• What is needed
The answer must consist only of the lines in the records below from the line with "Sidetable, met accessoires" to the line with "Attico Con Balcone", both included, copied word for word with every picture left out.

• Data
################

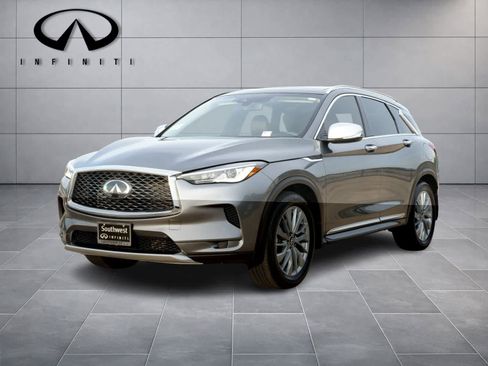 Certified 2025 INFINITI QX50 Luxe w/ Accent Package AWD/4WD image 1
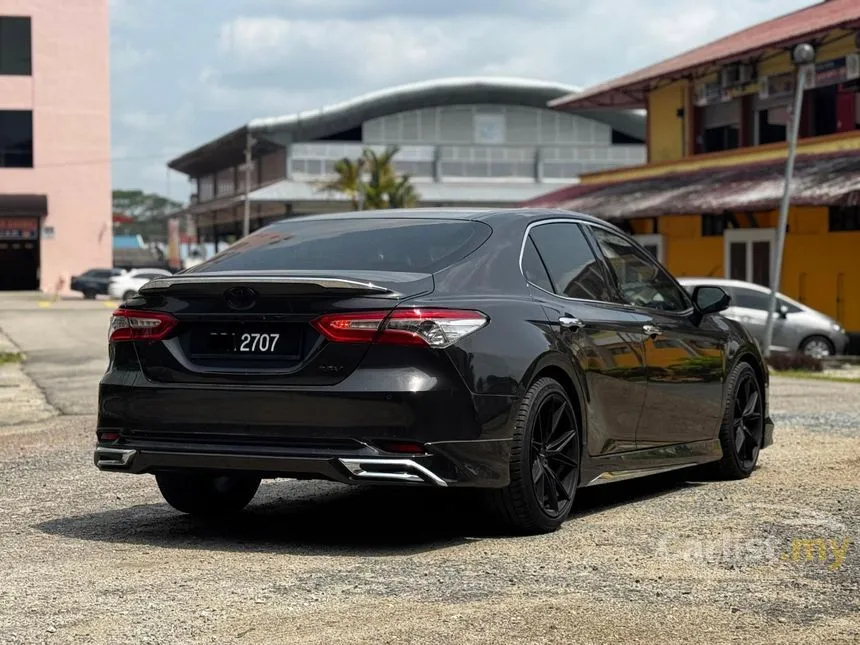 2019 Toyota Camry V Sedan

################

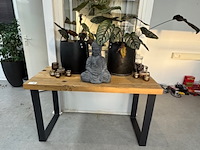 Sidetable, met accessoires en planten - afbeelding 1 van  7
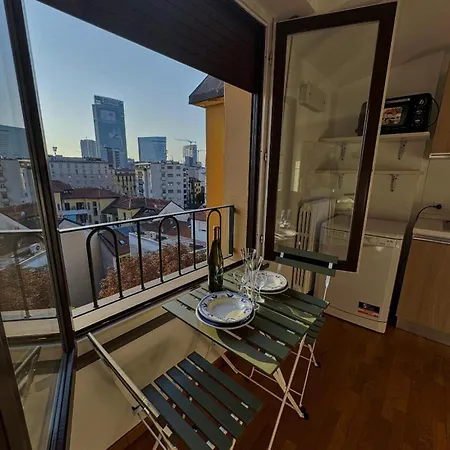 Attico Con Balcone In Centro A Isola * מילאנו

################

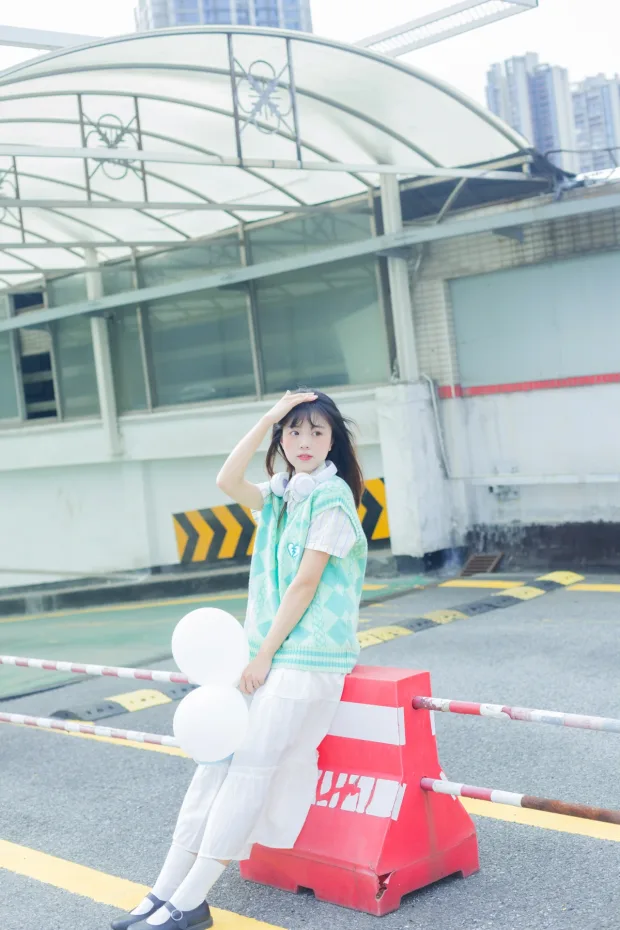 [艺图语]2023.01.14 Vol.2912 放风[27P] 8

################

• Written answer
 Sidetable, met accessoires en planten - afbeelding 1 van  7
 Attico Con Balcone In Centro A Isola * מילאנו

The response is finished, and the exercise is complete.